Segundo a investigação, os armamentos podiam ser montados utilizando peças de fácil acesso. O modelo mais disseminado pela organização era uma arma semiautomática, criada com componentes impressos em 3D, que se juntavam a partes não regulamentadas.
Detalhes da Organização
O projeto de fabricação foi disponibilizado na internet, acompanhado de um manual técnico e um manifesto ideológico que defendia o porte irrestrito de armas de fogo. Esse conteúdo se espalhou por redes sociais e fóruns, aumentando a adesão ao modelo de fabricação das armas fantasmas.

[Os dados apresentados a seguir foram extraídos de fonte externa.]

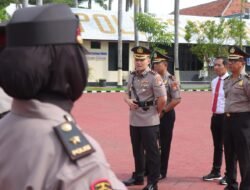 Dedikasi Tanpa Cela Berbuah Penghargaan, Dua Personel Polres Nganjuk Naik Pangkat Pengabdian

Além das armas, a quadrilha comercializava carregadores alongados para pistolas de diferentes calibres, fabricados na casa do principal investigado e vendidos em plataformas online.
Liderança e Técnicas de Produção
O líder da quadrilha foi preso durante a ação. Ele é um engenheiro especializado em controle e automação, sendo o responsável pelo desenvolvimento técnico das armas. Utilizando um pseudônimo na internet, ele divulgava testes balísticos e orientações detalhadas sobre montagem e calibração dos armamentos.

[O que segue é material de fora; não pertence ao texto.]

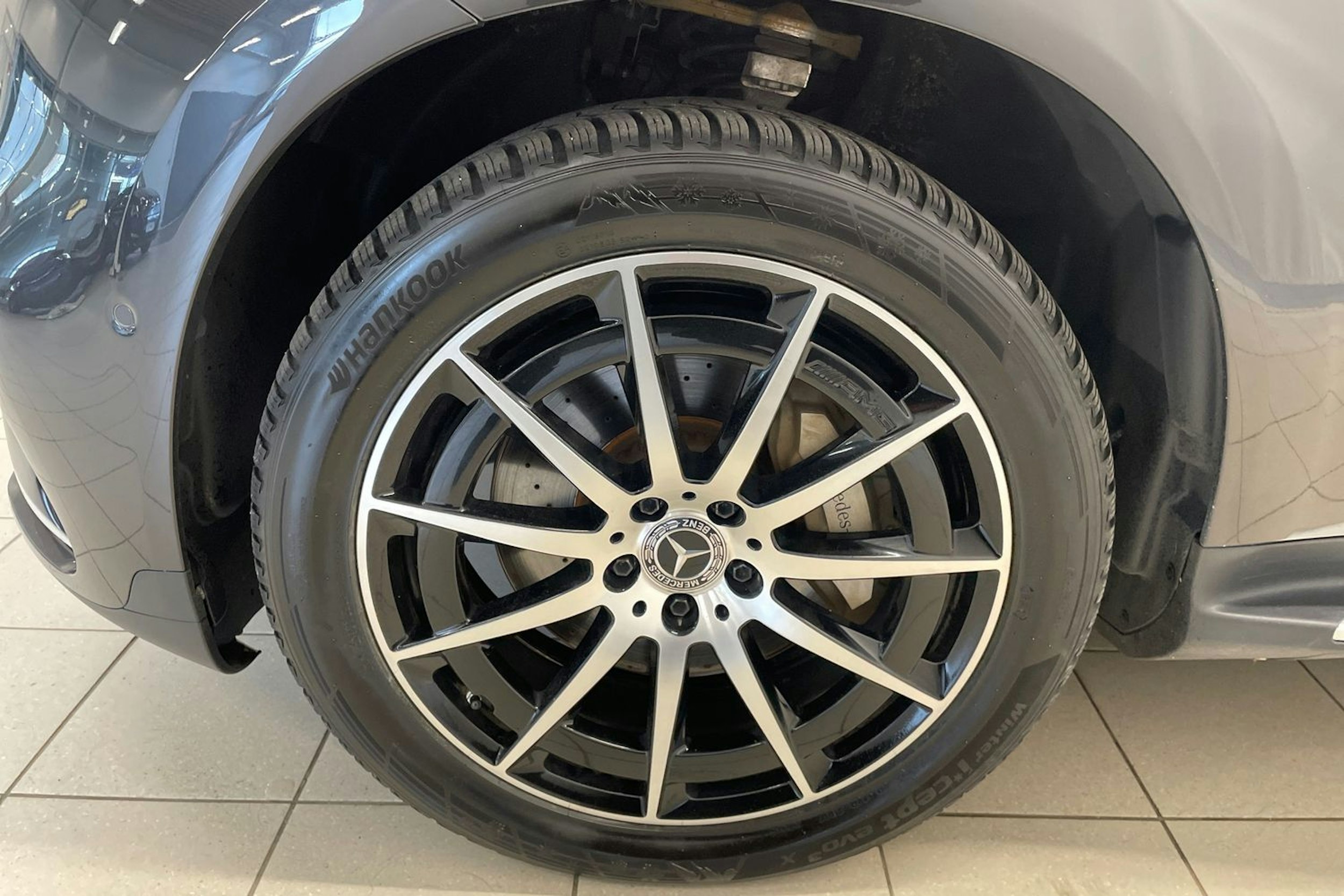 Harmaa Mercedes-Benz EQC 2020 kuva 9.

As investigações revelam que ele criou um manual extenso, com mais de 100 páginas, que permitia a qualquer pessoa com conhecimentos intermediários em impressão 3D montar as armas em poucas semanas, utilizando equipamentos acessíveis.
Implicações e Apreensões
A operação, que cumpriu mandados de prisão e busca e apreensão em várias cidades de São Paulo, registrou a identificação de pelo menos 79 compradores de peças fabricadas pela quadrilha, distribuídos em 11 estados brasileiros. Entre eles, alguns possuem antecedentes criminais, incluindo delitos relacionados ao tráfico de drogas.
Durante a ação, a Polícia Militar de São Paulo apreendeu oito armas de fogo, protótipos de armamentos, centenas de munições, além de granadas, coletes e impressoras 3D utilizadas na fabricação do armamento.